"I would like to explain."
It is a phrase Colin Craig has uttered several times as he is examined, questioned and tested by two lawyers representing his former press secretary.
The former Conservative Party leader and Rachel MacGregor are suing each other over several defamation claims in the wake of New Zealand's 2014 general election.
It is yet another court proceeding following the unceremonious end to Craig's political career.
Craig, sitting in the witness box surrounded by weighty bundles of stacked evidence, is again airing the nature of his personal and professional relationship with MacGregor.
The 50-year-old has previously talked extensively about his bond with MacGregor, who was his press secretary from 2011 to 2014.
She was hired three months before the 2011 general election and resigned only two days before the 2014 election, later filing a sexual harassment complaint.
The accountant by trade would write MacGregor, a former TVNZ journalist, letters and poems - parts of which have been read again to the High Court this week.
"I have decided to share a little glimpse of the 'Creative Colin'," one of Craig's poems reads.
It was titled Two of Me.
"There is only one of me it's true
"But I wish this were not the case
"Because I wish that I could have you
"If instead one man, I was two
"That would be one for all the others
"And one of me, for you."
Craig's cross-examination by one of MacGregor's lawyers, Hayden Wilson, began yesterday and will enter a third day tomorrow.

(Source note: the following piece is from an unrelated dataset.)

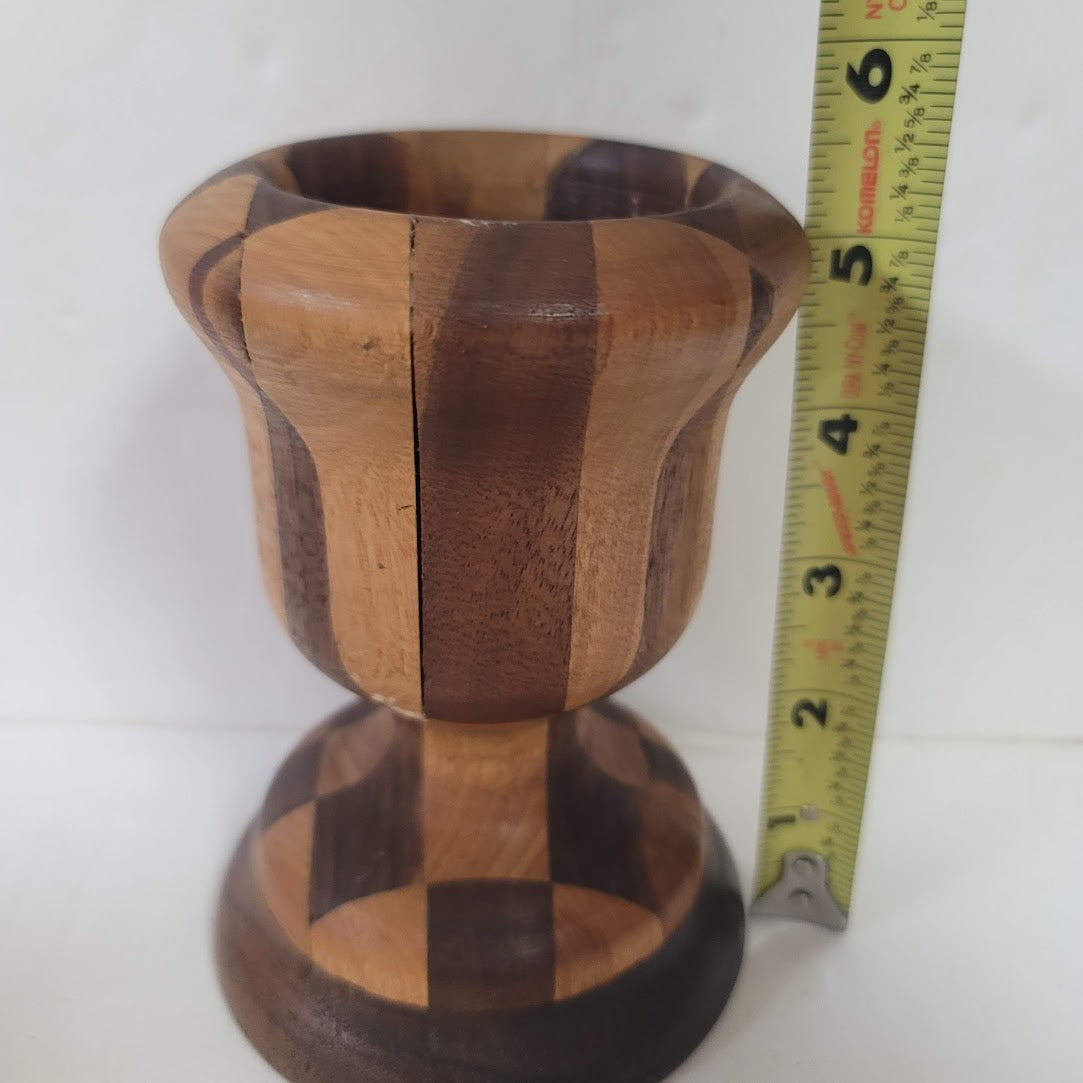 Wood handmade handturned candlestick Vintage Segmented Marquetry Parquetry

It is reminiscent of when Craig cross-examined MacGregor for two days during the multi-millionaire's defamation trial with Whale Oil blogger Cameron Slater last May.
But Craig, who is representing himself as he did in the Slater trial, will again have his chance to question MacGregor under cross-examination after she takes the stand to testify later this week.
In the current trial, which began on Monday, Craig argues MacGregor defamed him three times.
Firstly by what MacGregor told New Zealand Taxpayers' Union founder Jordan Williams, then in a media release by MacGregor in June 2015, and also in a tweet on the same day.
A confidential settlement between Craig and MacGregor was reached in May 2015, but rumours quickly surfaced and were made public.
In 2016, Craig was ordered to pay MacGregor more than $120,000 by the Human Rights Review Tribunal after it ruled he breached the confidentiality agreement in interviews with the press.
MacGregor's lawyers, who include Linda Clark, claim she was defamed in four instances.
Twice in two press conferences held by Craig, in a booklet titled Dirty Politics and Hidden Agendas which was delivered to 1.6 million Kiwi households, and in a letter to Conservative Party members.
Wilson said Craig defamed MacGregor by alleging she made false claims of sexual harassment.
MacGregor's defence to Craig's claims will draw upon honest opinion, qualified common law privilege, truth and defence against attack.
Craig's defence to MacGregor's claims initially relied on arguments of defence against attack and public interest.
He had forgotten, almost comically, what presiding judge Justice Anne Hinton described as "your main defence".
"Your main defence is truth, your main defence is just not pleaded," Justice Hinton laughed when addressing the issue yesterday.
Justice Hinton allowed Craig to amend his pleadings.
Craig has also had defamation proceedings against what he calls the trio of "schemers" who plotted against him - as he described in his booklet.
An interview in the booklet with a Mr X, purported to be an anonymous whistleblower, also outlined Craig's case against Jordan Williams, Conservative Party board member John Stringer, and Cameron Slater.
However, it later emerged Craig was Mr X and talking about himself in the third person.
Justice Kit Toogood is yet to release his decision on the Craig and Slater proceeding, while Craig's case with Williams is now before the Supreme Court.
The Craig and MacGregor trial, which is due to last two weeks, continues.